In essence the question is whether the finding of the case law VCAST (C-265/16) can be applied to a service such as the one offered by Ocilion. In short, VCAST offers a B2C service for the remote recording of private copies by actively involving itself in the recording and without the rightsholder’s consent.

Ocilion offers its service in the context of its commercial activity (B2B) and therefore cannot be considered as making a copy falling within the private copying exception (paragraph 37-39).  

Ocilion claims that its IPTV service is restricted to providing a tool that allows end users to replay television programs at their own discretion and solely for private purposes. Additionally, the company asserted that the de-duplication technique employed does not unfairly undermine the legitimate interests of exclusive rightsholders (paragraph 40).

The ECJ countered Ocilion’s argument on multiple fronts. The ECJ first states that the services offered by Ocilion is characterised by its dual functionality: simultaneous retransmission of IPTV programmes and their recording (paragraph 42). Secondly the ECJ state that the “de-duplication technique at issue leads to the making of a copy that, far from begin available exclusively to the first user, is intended to be accessible, through the system offered by the service provider, to an indeterminate number of end users, themselves customers of the network operator to which that service provider makes that technique available” (paragraph 45).

Therefore, Ocilion services, which allow access to a reproduction of a protected work to an “indeterminate number of recipients” for commercial purposes, is not covered by the ‘private copying’ exception (paragraph 46) and this cannot be invalidated by the need to comply with the principle of technological neutrality (paragraph 47 and 50).   
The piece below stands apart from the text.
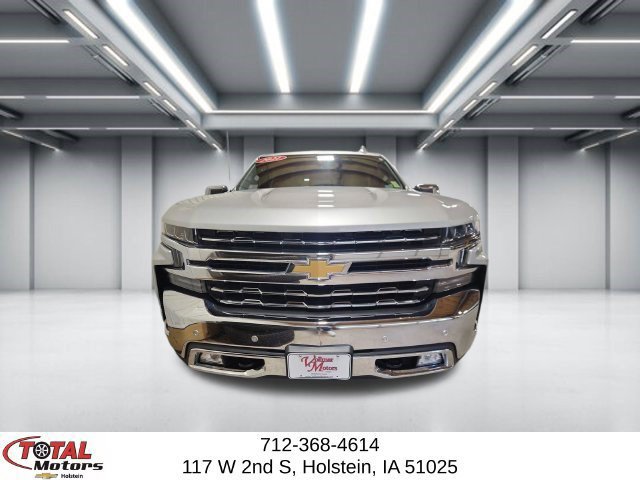 Used 2021 Chevrolet Silverado 1500 LTZ AWD/4WD image 3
With regard to the second question the ECJ states that Ocilion itself does not provide end users access to protected work. Although Ocilion provides network operators with the necessary hardware and software for that purpose, these network operators are the ones who grant end users access to protected works. (paragraph 63). Furthermore, the ECJ states that Ocilion does not play an “indispensable role” in providing such access, with the result that it cannot be deemed to have performed an act of communication to the public. (paragraph 64).
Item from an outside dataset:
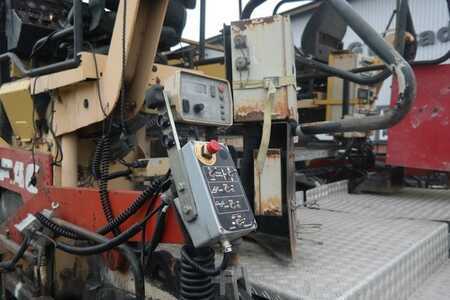 Kerékburkoló 2003 Dynapack F121 4WD (4)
Therefore, with regard to the second question, the ECJ concludes as follows: “that Article 3(1) of Directive 2001/29 must be interpreted as meaning that the supply by an operator of retransmission of online television broadcasts to its commercial customer of the necessary hardware and software, including technical assistance, which enables that customer to allow its own customers to replay online television broadcasts, does not constitute a ‘communication to the public’ within the meaning of that provision, even if that operator is aware that its service may be used to access protected broadcasting content without the consent of the authors” (paragraph 67).